Still, it seems as if bombing the moon just for the public-relations win would stretch the limits of what even the most patriotic scientists would willingly accept.
Some justified it as a scientific breakthrough.
Whether these were serious considerations, or just ways to justify their actions, many involved in Project A119 cited the potential for real and important scientific discovery that could come out of detonating a nuclear weapon on the surface of the moon. These were exciting times, with the potential to explore new frontiers of science. Carl Sagan, the man who would dedicate his life to searching for evidence of life on other worlds, thought this could be a great way to try and identify the presence of microbes or organic molecules on the moon. (This is when we still thought there might be something up there besides dust.)
Others envisioned experiments centered on lunar chemistry, or the thermal conductivity of the lunar surface. Reiffel’s team also wondered if the nuclear blast would produce enough seismic activity to evaluate the makeup of the moon’s immediate subsurface structure. According to Reiffel, “A central theme, which runs through many of the projected experimental situations, envisions placing of a maximum of three identical instrument packages at arbitrary locations on the visible face of the moon prior to any possible nuclear detonation. These instrument packages would be equipped to make a variety of measurements.”
Would this work? Not all the specific technical details of early American ballistic missile technology are clear (some things are still classified), but during an interview Reiffel gave later in life, he insisted we had the capability to hit a target on the moon with an accuracy of within two miles. That’s pretty good, given that the moon is nearly 240,000 miles from Earth.
So that leaves us with the burning question: How insanely cool would the mushroom cloud on the moon look?

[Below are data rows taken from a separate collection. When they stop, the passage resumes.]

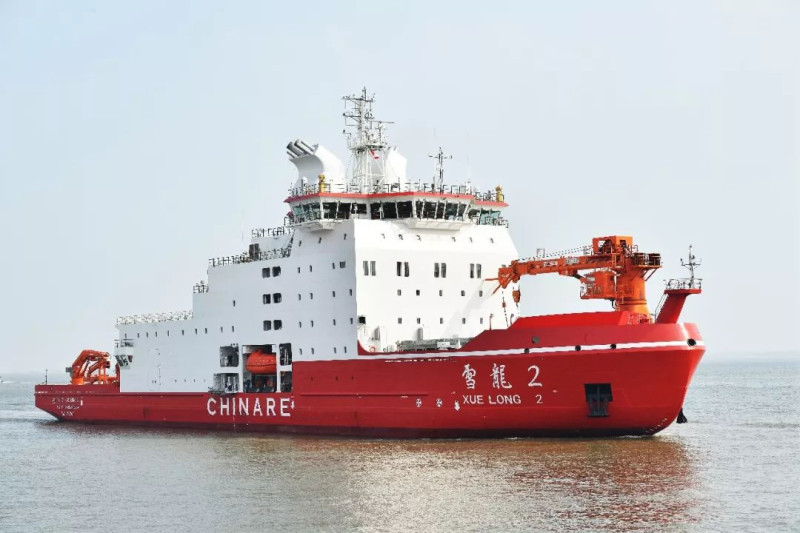  中國自行打造的破冰船「雪龍2號」。 （圖／江南造船）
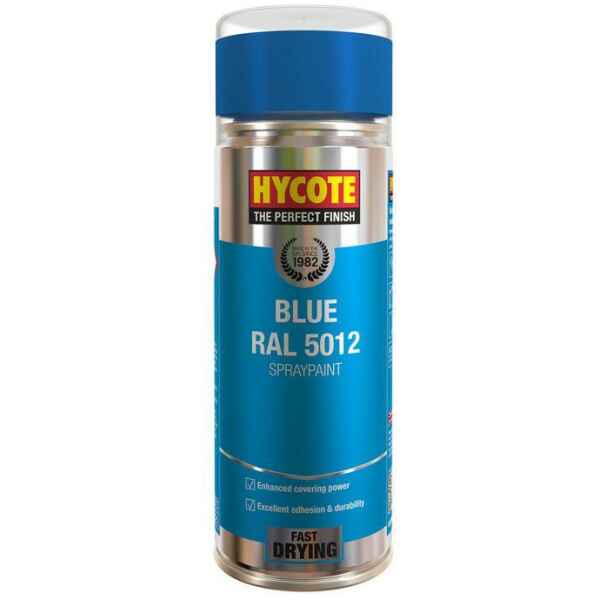 Hycote Blue RAL 5012 Spray Paint Aerosol 400ml-0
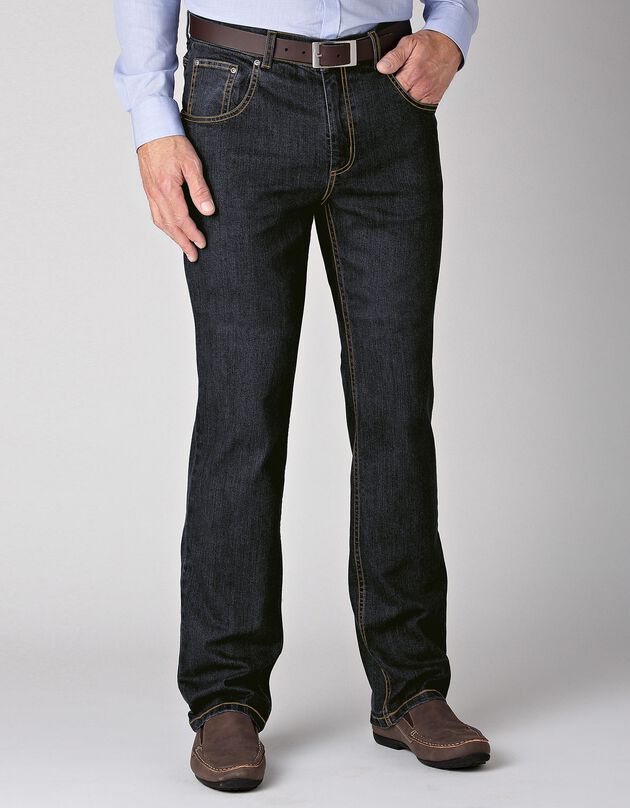 Jeans voor gezet lichaam (black)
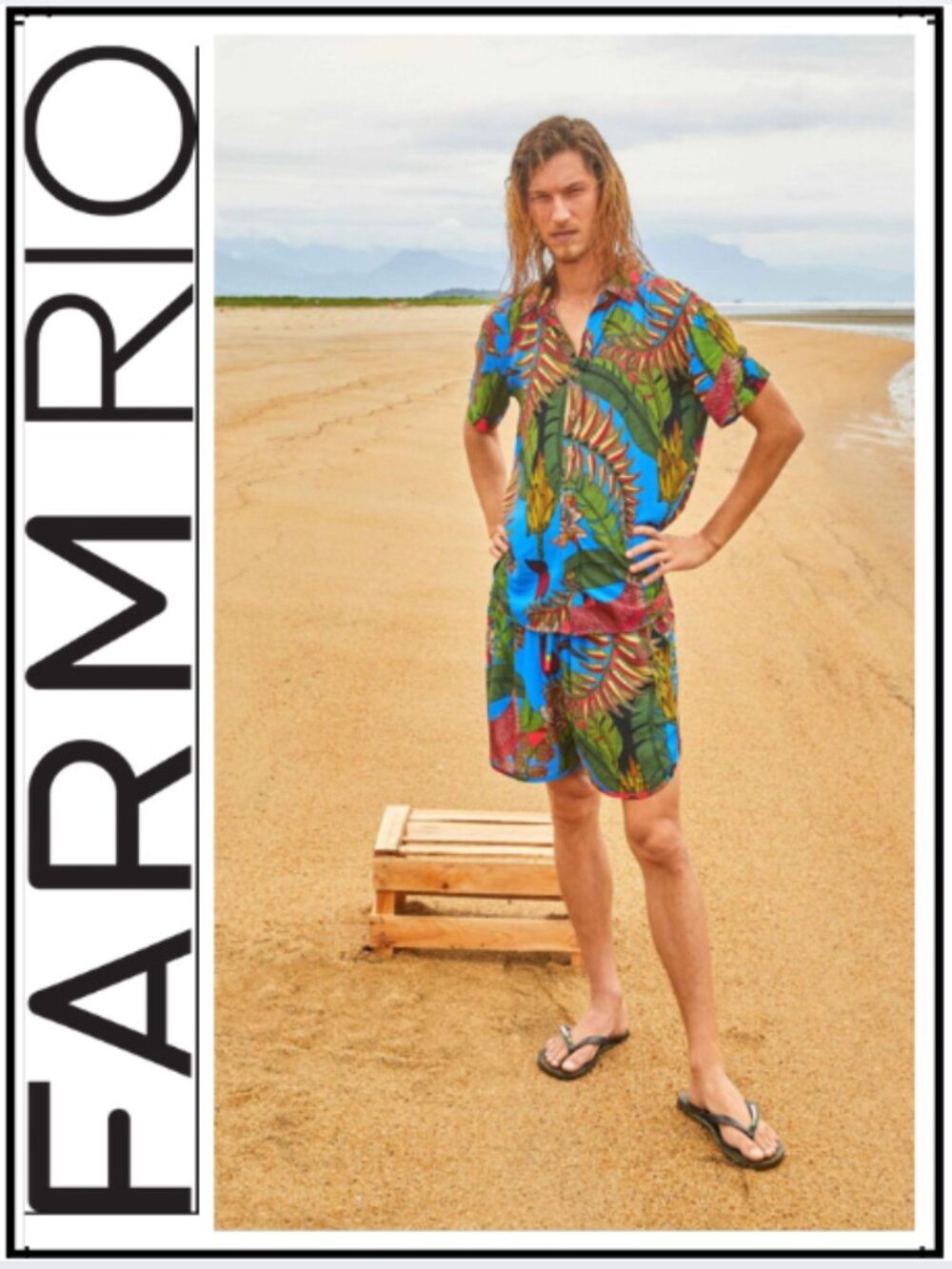 Unisex Farm Rio Totally tuiuiu uni short sleeve shirt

Ideally, the bomb would be detonated on the edge (known as the terminator) of the dark side of the Moon, so the sun’s light would silhouette the trademark mushroom cloud from behind. It would be totally rad.
Problem was, that wouldn’t happen.
The optics wouldn’t be as dramatic as they initially hoped.

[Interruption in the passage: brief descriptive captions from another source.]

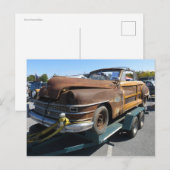 Carte Postale Voiture rouillée (Devant / Derrière)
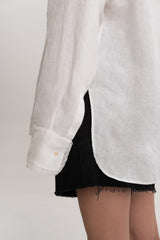 Organic Linen Shirt for Women, Relaxed Fit Summer Linen Top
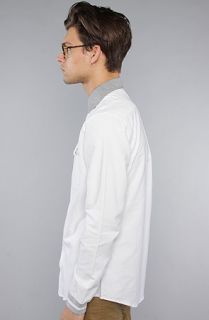 N4E1 The Milk Buttondown Shirt in Chambray White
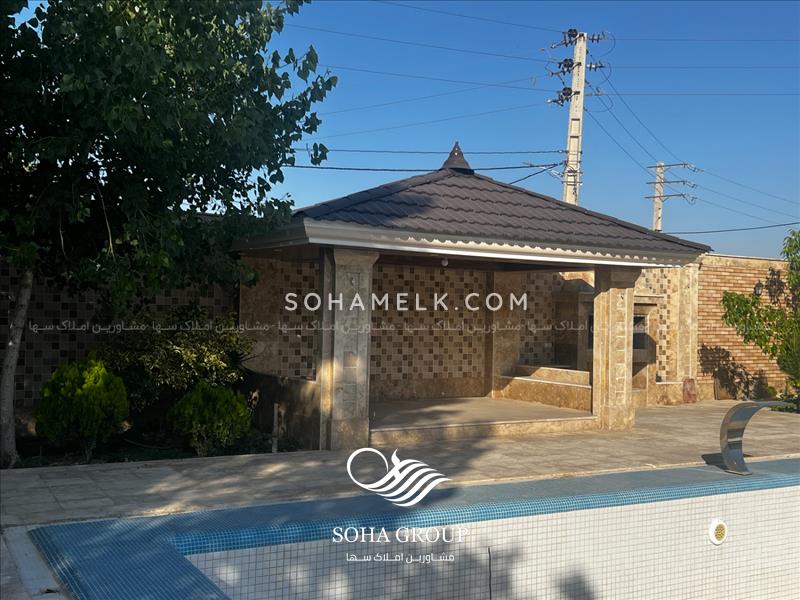 1600متر باغ ویلا کلاسیک در مهرچین ملارد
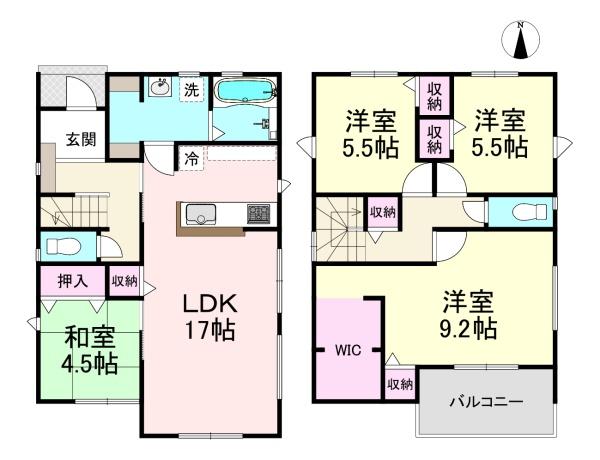 桜井市西之宮　9号地　売土地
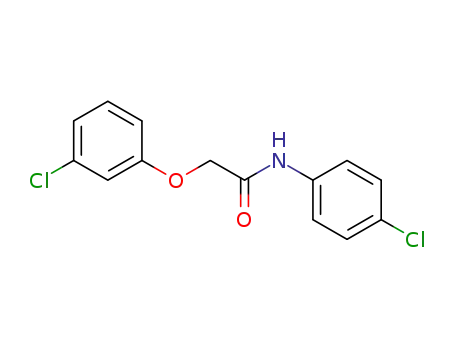 2-(3-chlorophenoxy)-N-(4-chlorophenyl)acetamide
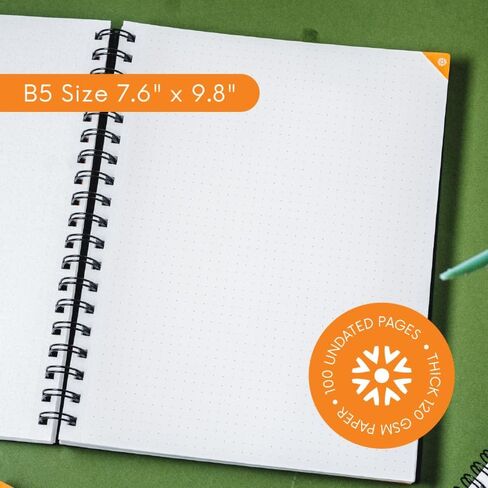 للقيام بقائمة دفتر الملاحظات | مخطط بسيط مزود بقائمة مراجعة المهام وشبكة النقاط وأقسام الملاحظات. 100 صفحة غير مؤرخة، ورق سميك 120 جرامًا للمتر المربع، مقاس A5، 5.8 × 8.3 بوصة، أسود in Kuwait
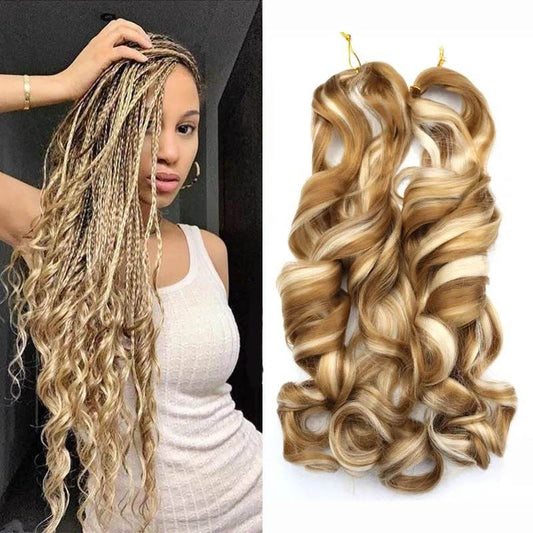 French curl braiding hair 22" 5 packs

Mushroom clouds from a nuclear explosion are caused by the movement of dust and debris kicked up in a dense atmosphere. The moon, however, is essentially a vacuum. It has some gases hanging around on its surface, but it really doesn’t have an atmosphere like Earth’s. Without the weight of a dense atmosphere, there would be no resistance to the expansion of the nuclear-produced dust and debris. They would just keep on going and going, instead of curling back to the surface. No big plume, no sound or shock wave, no push-down from the air pressure—and no mushroom cloud. Just a lot of dust.
This doesn’t mean there wouldn’t be a hell of a show. People on earth would see a visible flash from the detonation. And maybe the sun would shine through the dust and debris in such a way as to give the world a pretty view. But it really wouldn’t be the same.